One can observe this dynamic at play in Ukraine. The Lugansk People’s Republic (LPR) is currently undergoing another of its occasional bouts of in-fighting, with forces of the LPR’s interior ministry taking to the streets against the republic’s president, Igor Plotnitsky, following Plotnitsky’s attempt to fire the interior minister, Igor Kornet. It’s hard to determine exactly what’s going on. Kornet claims not to be carrying out a coup, just to be acting against treacherous personnel, supposedly working for Kiev, in Plotnitsky’s entourage. Interior ministry forces are backing Kornet, while the military police and presidential guard are remaining loyal to Plotnitsky. Rumours abound that troops from the neighbouring Donetsk People’s Republic (DPR) have arrived, and are preparing to merge the LPR and DPR into one. The LPR army, meanwhile, is sitting the whole thing out.

In the Western press, the DPR and LPR are often portrayed as nothing more than Russian puppet states. But if this is the case, where are the puppet masters? It doesn’t look like the Russians are playing any role in what’s happening in Lugansk, and it would be strange if they were. Undoubtedly, the LPR and DPR are highly dependent on Russian aid. Yet, it stretches credibility a bit to imagine that the Russian government wants the LPR to be the chaotic mess that it is and is pulling all the strings in the current coup, or non-coup, or whatever it is. Like Afghanistan in the 1980s, the LPR is clearly seething with personal rivalries, and local dynamics drive much of what occurs. Local leaders have a lot of firepower at their disposal. The few Russian officials that may be present don’t. The clients have much more independence than one might imagine.

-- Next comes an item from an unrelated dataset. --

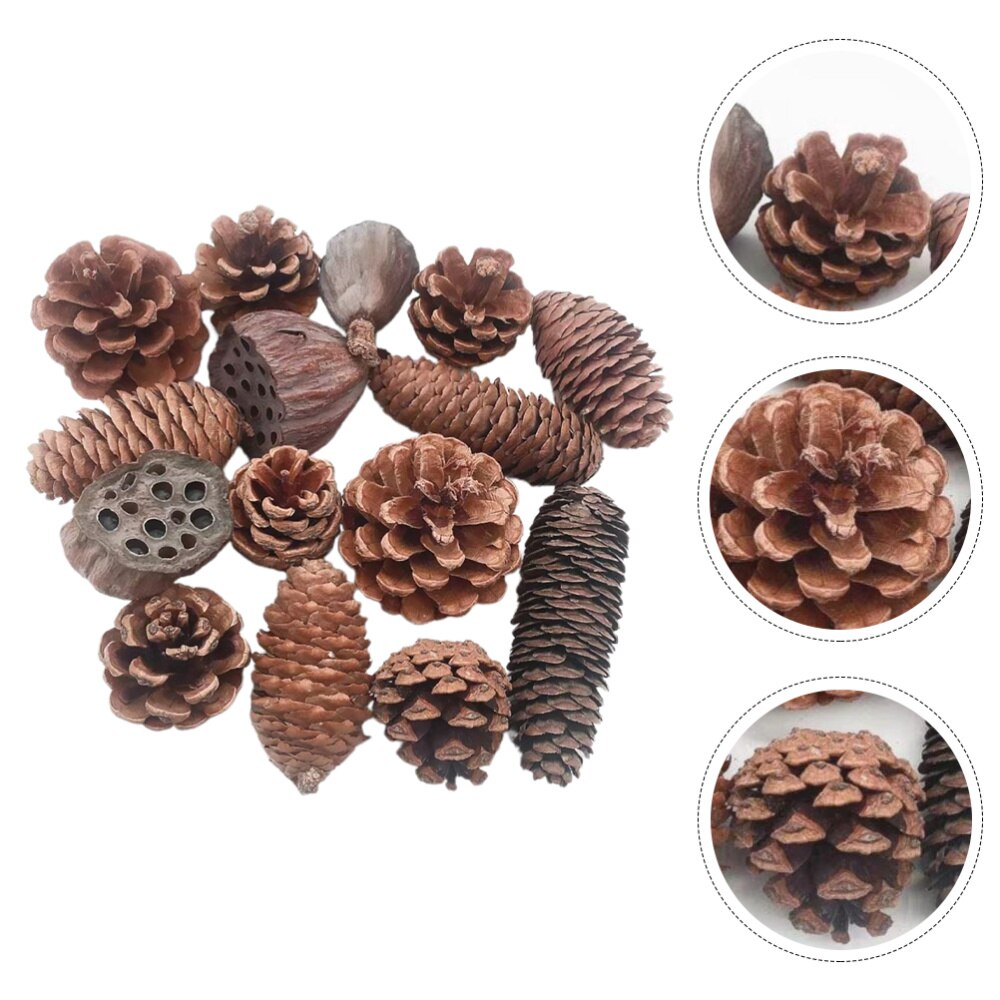 1 Set Xmas Pine Cone Decor DIY Dry Branches Handmade DIY Material for Home Party Xmas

In short, these most recent events should caution us against assuming that Russia determines everything that happens in Donbass. Undoubtedly, Russia’s relationship with the DPR and LPR is one of patron and client. But the patron isn’t and never has been in full control of the client. Given the way that the leaders of the LPR behave, it would probably be better for all concerned if it was, but clearly it isn’t, and we have to accept this reality. This has important ramifications in terms of possible political settlements of the war in Ukraine, namely that if one doesn’t want Moscow to take full control of Donbass, then the interests of its clients there will have to be taken into consideration. Moscow will have to take them into consideration; it can’t just abandon them. And Kiev and the West will have to take them into consideration if they want to strike a deal, for the simple reason that they exist and have some degree of power and agency. It may not be pleasant, but that’s the way it is.